» YOUR GOAL
Using the material below, repeat exactly the lines from the one with "Tamaris Comfort Damen" through the one with "18Inch Cordless Table", ends included, without any images.

» DATA SHOWN
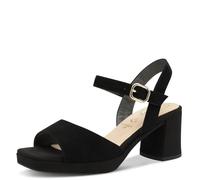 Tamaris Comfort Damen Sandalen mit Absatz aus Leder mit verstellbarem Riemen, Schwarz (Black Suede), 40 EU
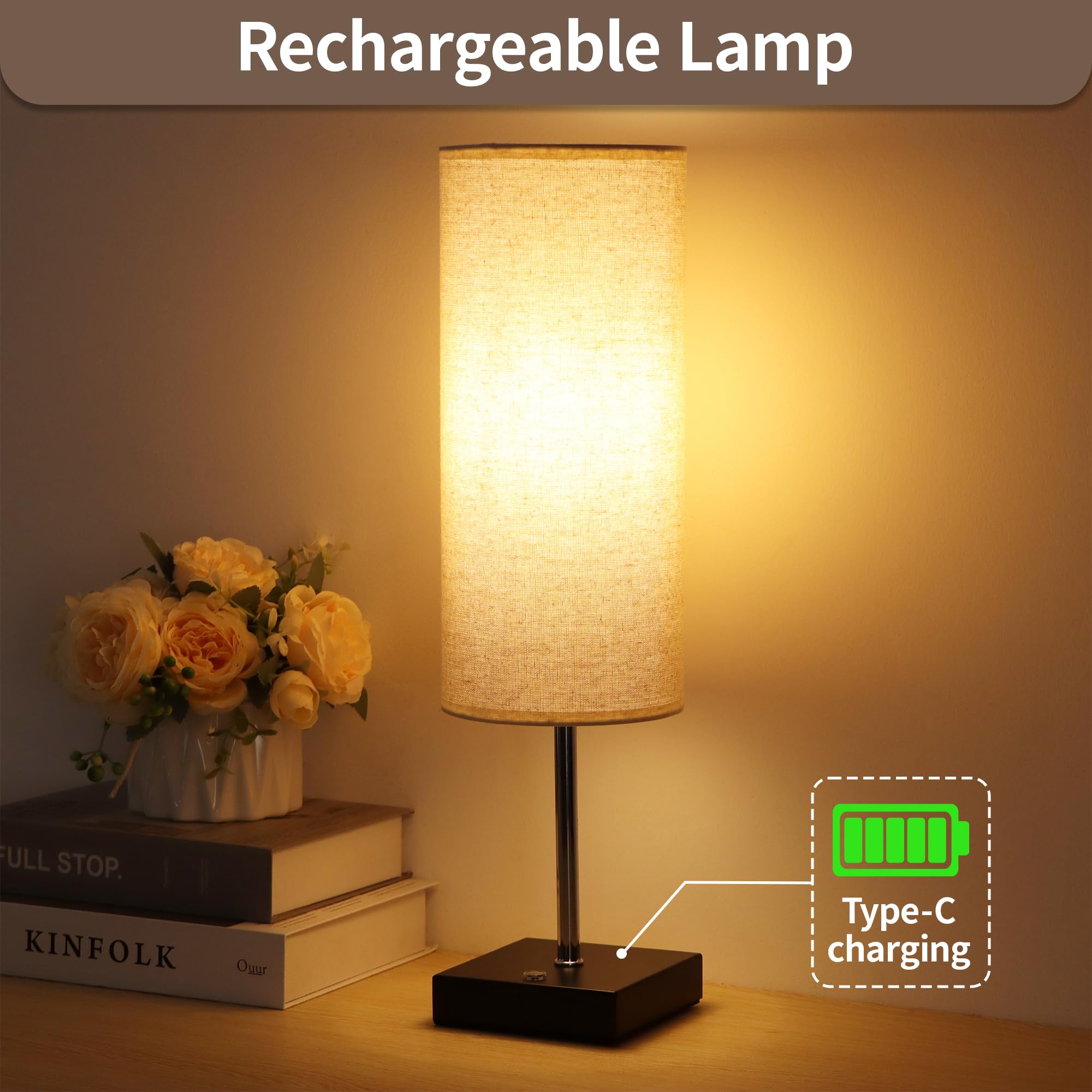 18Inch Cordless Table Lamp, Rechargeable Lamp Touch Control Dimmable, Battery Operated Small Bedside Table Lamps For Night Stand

* * *

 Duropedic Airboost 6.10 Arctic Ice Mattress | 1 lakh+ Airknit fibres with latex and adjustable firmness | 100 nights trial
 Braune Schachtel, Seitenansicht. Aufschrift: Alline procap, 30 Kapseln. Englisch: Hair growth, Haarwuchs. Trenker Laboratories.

» ANSWER SECTION
 Tamaris Comfort Damen Sandalen mit Absatz aus Leder mit verstellbarem Riemen, Schwarz (Black Suede), 40 EU
 18Inch Cordless Table Lamp, Rechargeable Lamp Touch Control Dimmable, Battery Operated Small Bedside Table Lamps For Night Stand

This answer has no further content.